======== Records for the exercise

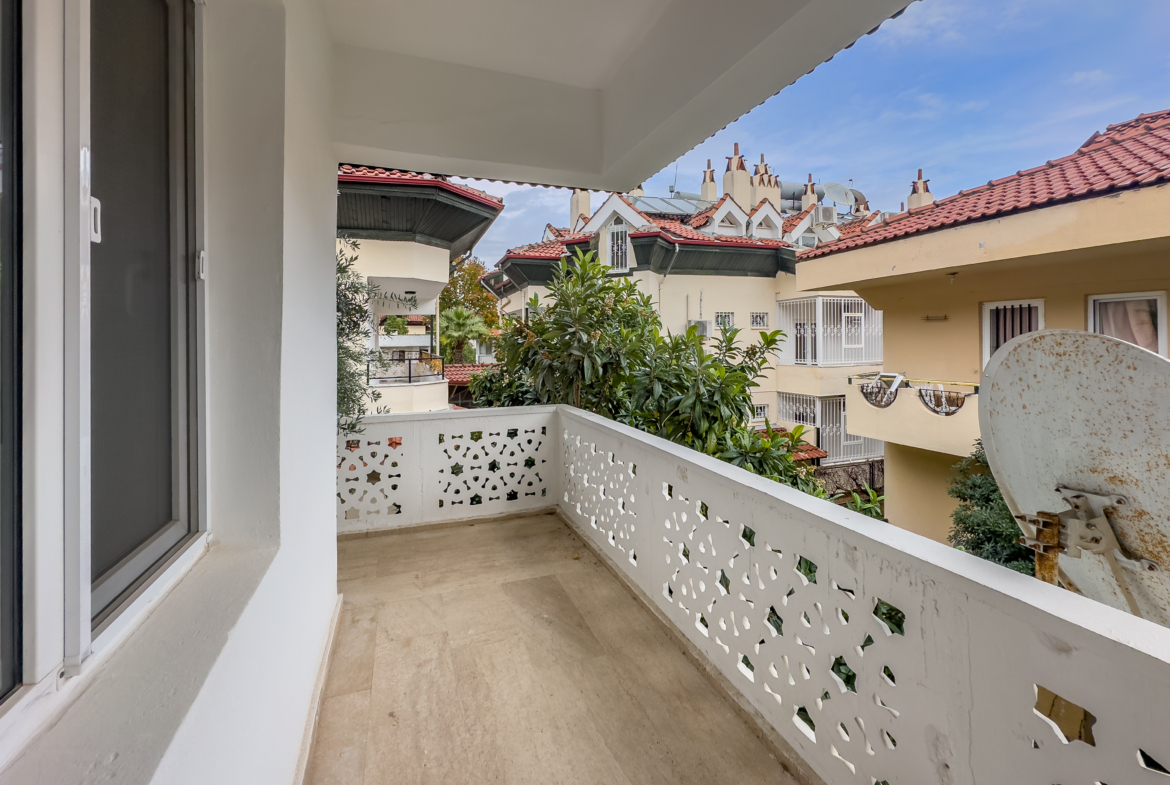 Marmaris İçmelerde Sahile 500m Tadilatlı 2+1 Daire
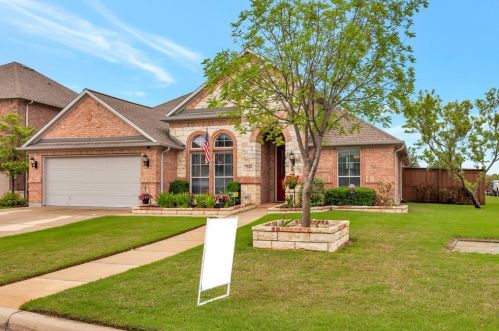 7149 Old Santa Fe Trl, Fort Worth, TX 76131-2843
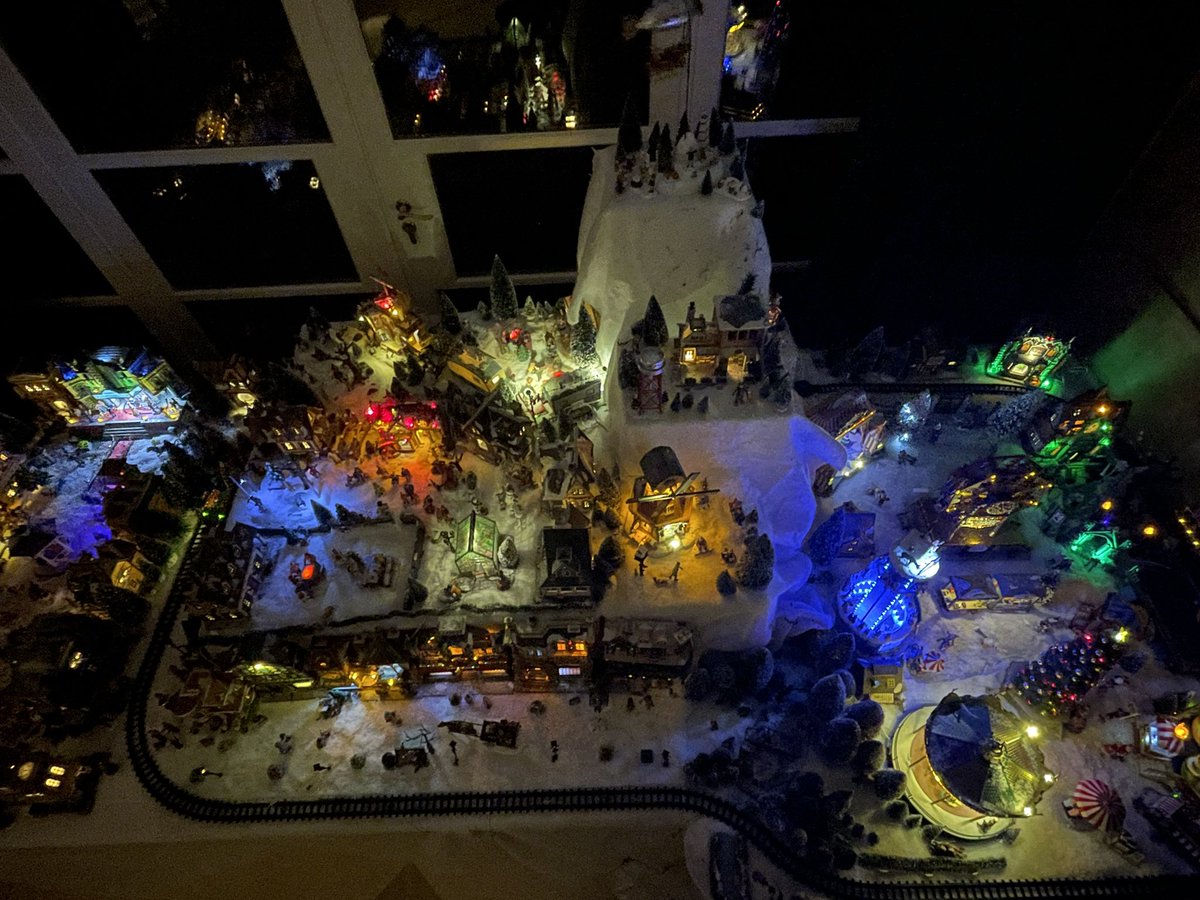 ChattamMaxime's tweet photo. Il est temps de rentrer.
Enfin, pour moi.
Je vous ai pas dit ? Vous, vous devez rester ici. Oui, c’est le prix à payer pour visiter le village. Toujours venir accompagner d’un ami “pour le dîner”.
Vous inquiétez pas, le clown de la fête foraine dit qu’ici, on flotte tous en bas… https://t.co/Y4dNLfFdXr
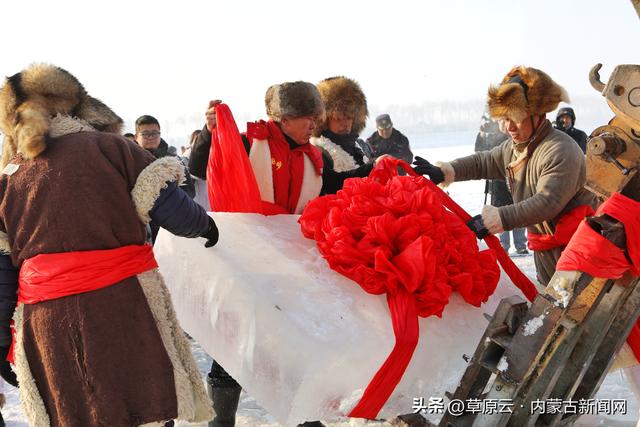 采头冰喽！呼和浩特欢乐冰雪节冰建启动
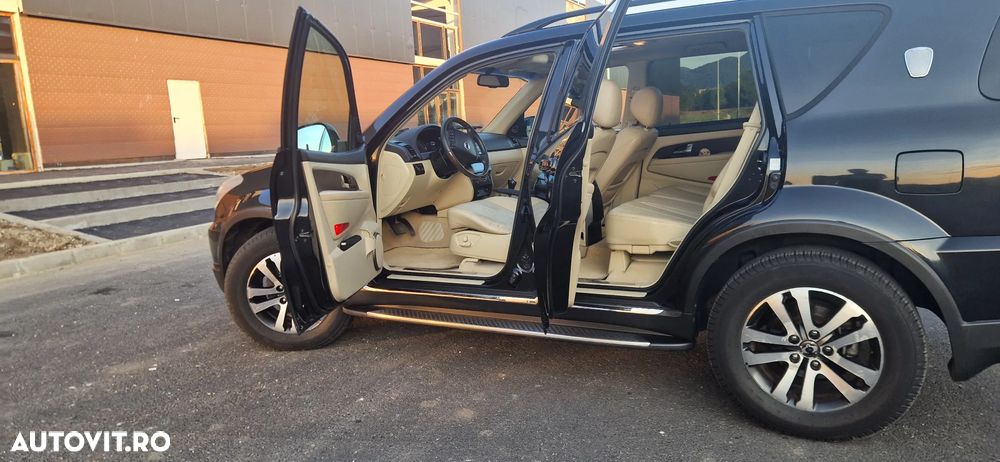SsangYong REXTON W 2.0 e-XDI 4WD DLX Plus Aut. - 4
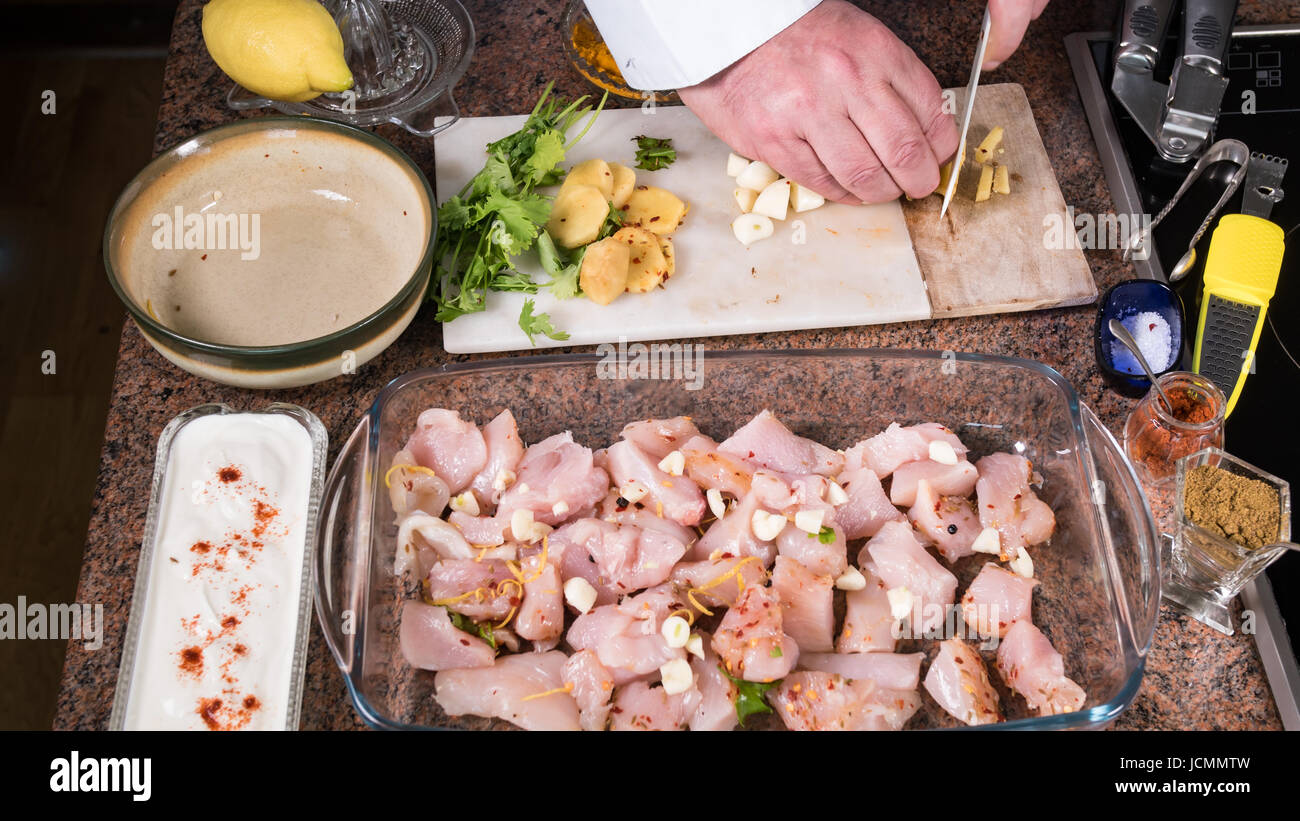 Ein Chicken Tikka Masala mit indischen Gewürzen die Marinade vorbereiten: Zuschnitt Ingwer Stockfoto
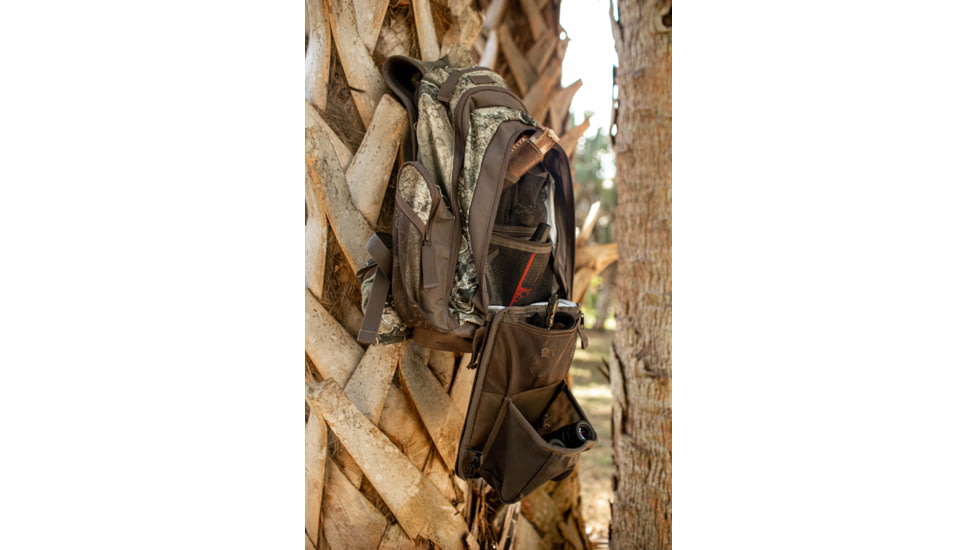 Insights Hunting The Element Lightweight Day Pack, Realtree Excape, 9304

================

■ Exercise prompt ■
Your reply should hold only the lines running from the one with "SsangYong REXTON W" to the end of the data above, set down exactly, pictures omitted.

■ Answer to this problem ■
SsangYong REXTON W 2.0 e-XDI 4WD DLX Plus Aut. - 4
 Ein Chicken Tikka Masala mit indischen Gewürzen die Marinade vorbereiten: Zuschnitt Ingwer Stockfoto
 Insights Hunting The Element Lightweight Day Pack, Realtree Excape, 9304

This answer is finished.